Interface question
David Medlock
noone at nowhere.com
Thu Aug 31 04:41:41 PDT 2006
Charles D Hixson wrote:
> xs0 wrote:
>
>>
>>> I guess what I'm going to need to do is derive everything from a
>>> common ancestral class...and that means that the derived classes
>>> CAN'T descend from anything else, *sigh*. The common ancestor will
>>> need to be a totally abstract class, so I thought an interface would
>>> be a better choice, but it looks like there's no way to make it
>>> work...because they've all got to implement a common constructor
>>> type, and the compiler has to KNOW that they do so.
>>
>>
>> Hmm.. why exactly do you need a common constructor type? When you
>> create an object, you must know its exact type (and constructors)
>> anyway, so how does it matter?
>>
>>
>> xs0
>
> I think maybe you're right. If so, then I probably can't do what I want
> to do in D. I'd been thinking that if I just worked ahead I'd be able
> to solve the problem of "somehow" using the thing that I'd created, if I
> could only create it. And I could refer to it from the ancestral
> reference. But I hadn't been able to figure out the details, so I was
> just trying to work my way forwards. But maybe I can't do it at all.
>
> (Well, this isn't literally true, of course. I could always define
> everything in terms of a Vector of bytes. But in so doing I give up
> most of what makes Computer Languages different from assembler.)
>
> I guess that means that it's back to Python. At least I can drop into
> Pyrex when I hit places that are performance bottlenecks. Or even into
> C. (I may truly dislike C with it's wild use of pointers, but it *is*
> possible.
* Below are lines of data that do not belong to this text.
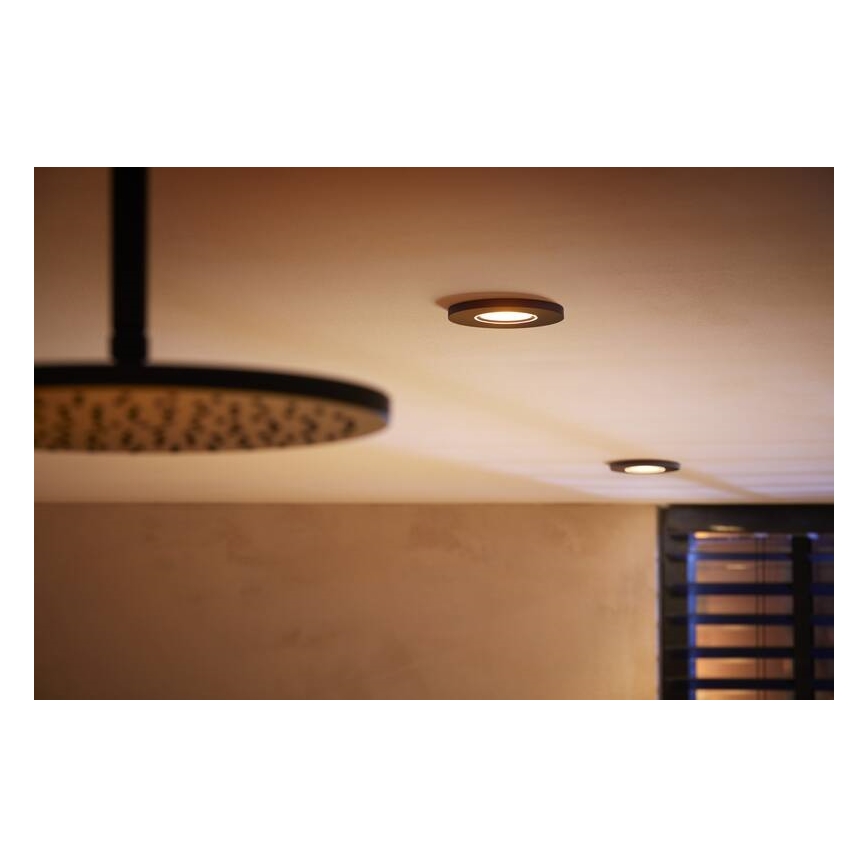 Philips - LED RGBW Димируема луничка за баня Hue XAMENTO GU10/5,7W/230V IP44 2200-6500K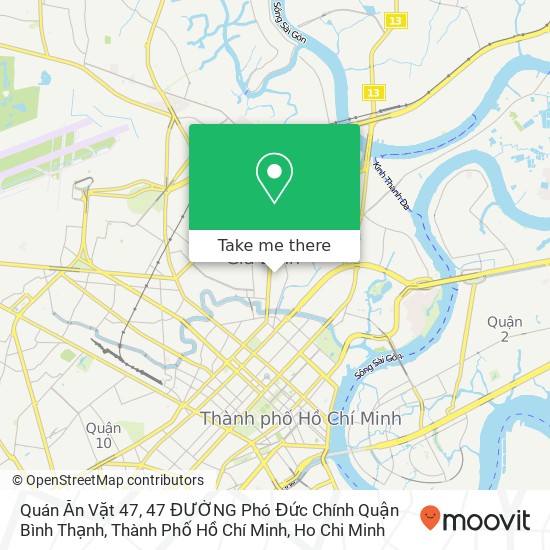 Quán Ăn Vặt 47, 47 ĐƯỜNG Phó Đức Chính Quận Bình Thạnh, Thành Phố Hồ Chí Minh map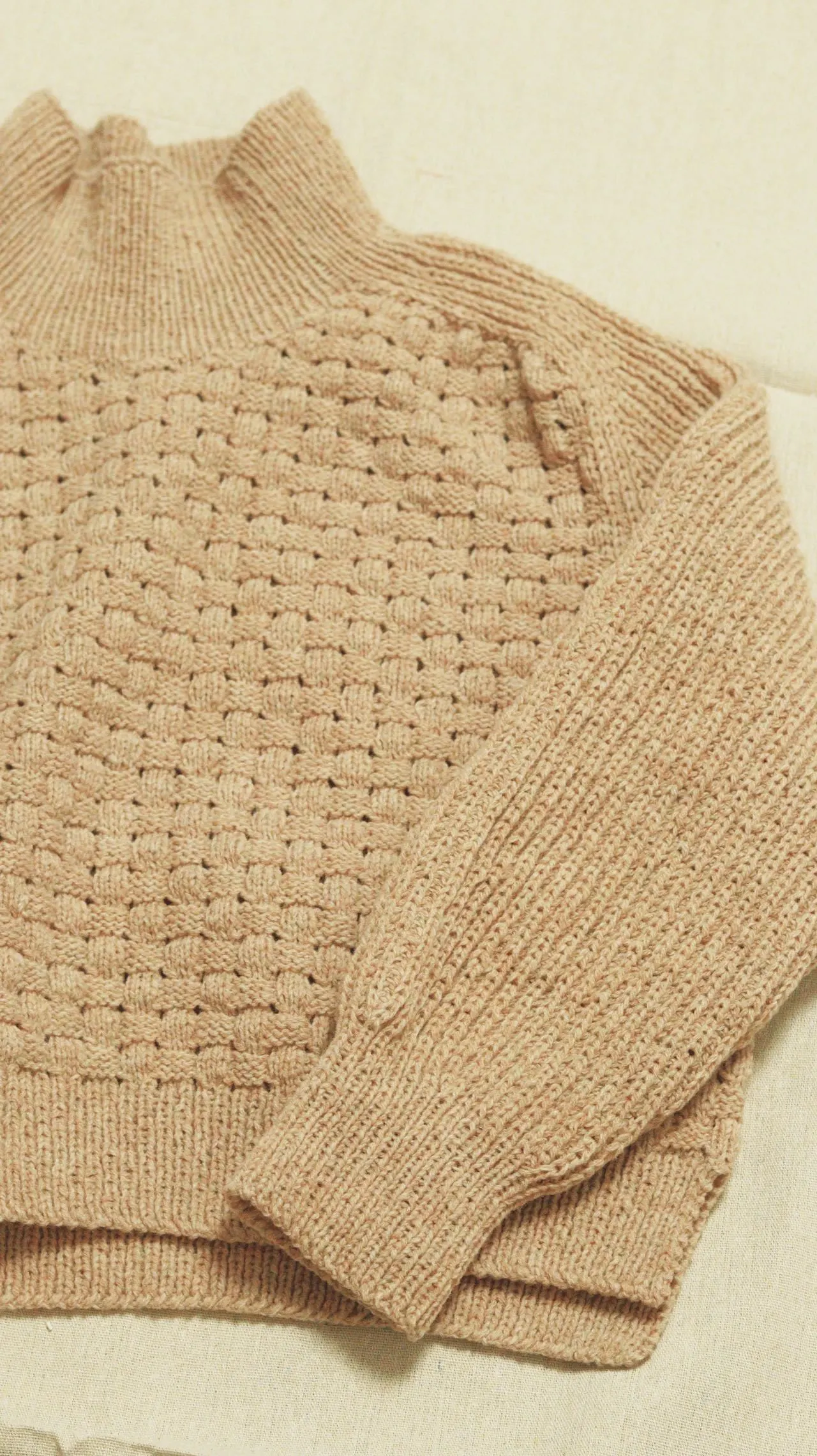 风系列 马鞍肩毛衣, a crochet project shared by 我是个新手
And it's about the same speed as D. [I don't really believe
> that shootout that says that D is faster. How *can* it be?])
(Ignore this if I am misreading you - David)
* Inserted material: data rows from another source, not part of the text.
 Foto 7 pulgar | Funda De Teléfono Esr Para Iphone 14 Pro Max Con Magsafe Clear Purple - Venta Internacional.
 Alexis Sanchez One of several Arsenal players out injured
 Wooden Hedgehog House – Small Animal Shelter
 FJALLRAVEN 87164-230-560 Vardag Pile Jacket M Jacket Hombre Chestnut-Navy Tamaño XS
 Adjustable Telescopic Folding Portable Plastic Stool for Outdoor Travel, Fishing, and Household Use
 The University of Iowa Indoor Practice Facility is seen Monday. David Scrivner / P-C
I don't quite 'get' what you are trying to accomplish(not technically
but in a design sense).
Unless you are attempting to add compiled classes at runtime, I would be
surprised if D could not accomplish what you are doing.
To create an object which has a known constructor, use a template
function/object....but there is a better way.
Have your objects created with no argument constructors then configured
using a common method. I have a text format(XML lite) I use in which
each node is a 'constructor' for an object. Then the children of the
node are passed to the config() method of the object. In this way I can
have many similar objects which are combined in different ways.
Is this close to what you are trying?